- _WHAT IS EXPECTED_: Output exactly, with nothing added, the entries from the first line through the line with "Boden Burgundy Dress with Pink Floral Motif".

- _ENTRIES SHOWN_:
----

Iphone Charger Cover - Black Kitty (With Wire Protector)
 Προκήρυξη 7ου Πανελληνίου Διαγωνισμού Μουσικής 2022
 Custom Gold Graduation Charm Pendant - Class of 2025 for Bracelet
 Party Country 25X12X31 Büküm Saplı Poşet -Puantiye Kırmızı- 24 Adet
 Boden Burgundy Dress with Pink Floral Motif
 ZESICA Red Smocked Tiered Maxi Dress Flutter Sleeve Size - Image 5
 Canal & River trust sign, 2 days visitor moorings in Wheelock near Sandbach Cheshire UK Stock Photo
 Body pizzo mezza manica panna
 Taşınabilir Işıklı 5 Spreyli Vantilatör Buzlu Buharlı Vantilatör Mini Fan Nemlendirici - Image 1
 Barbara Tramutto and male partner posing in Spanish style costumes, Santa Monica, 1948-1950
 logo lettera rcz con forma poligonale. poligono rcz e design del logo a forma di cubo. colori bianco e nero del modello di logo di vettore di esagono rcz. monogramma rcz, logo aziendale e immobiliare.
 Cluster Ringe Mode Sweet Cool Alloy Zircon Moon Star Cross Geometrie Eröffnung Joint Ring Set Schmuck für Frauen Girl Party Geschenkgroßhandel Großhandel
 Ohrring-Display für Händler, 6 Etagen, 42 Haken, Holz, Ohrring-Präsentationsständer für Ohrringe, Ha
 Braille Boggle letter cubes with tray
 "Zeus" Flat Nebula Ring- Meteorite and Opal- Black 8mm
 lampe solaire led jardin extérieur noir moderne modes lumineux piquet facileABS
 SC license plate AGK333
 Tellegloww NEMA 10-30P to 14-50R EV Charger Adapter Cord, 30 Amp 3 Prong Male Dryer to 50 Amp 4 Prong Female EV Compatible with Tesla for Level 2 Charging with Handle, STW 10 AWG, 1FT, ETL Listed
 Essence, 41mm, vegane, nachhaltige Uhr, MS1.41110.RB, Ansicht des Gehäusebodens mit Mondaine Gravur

----

- _YOUR SOLUTION_:
Iphone Charger Cover - Black Kitty (With Wire Protector)
 Προκήρυξη 7ου Πανελληνίου Διαγωνισμού Μουσικής 2022
 Custom Gold Graduation Charm Pendant - Class of 2025 for Bracelet
 Party Country 25X12X31 Büküm Saplı Poşet -Puantiye Kırmızı- 24 Adet
 Boden Burgundy Dress with Pink Floral Motif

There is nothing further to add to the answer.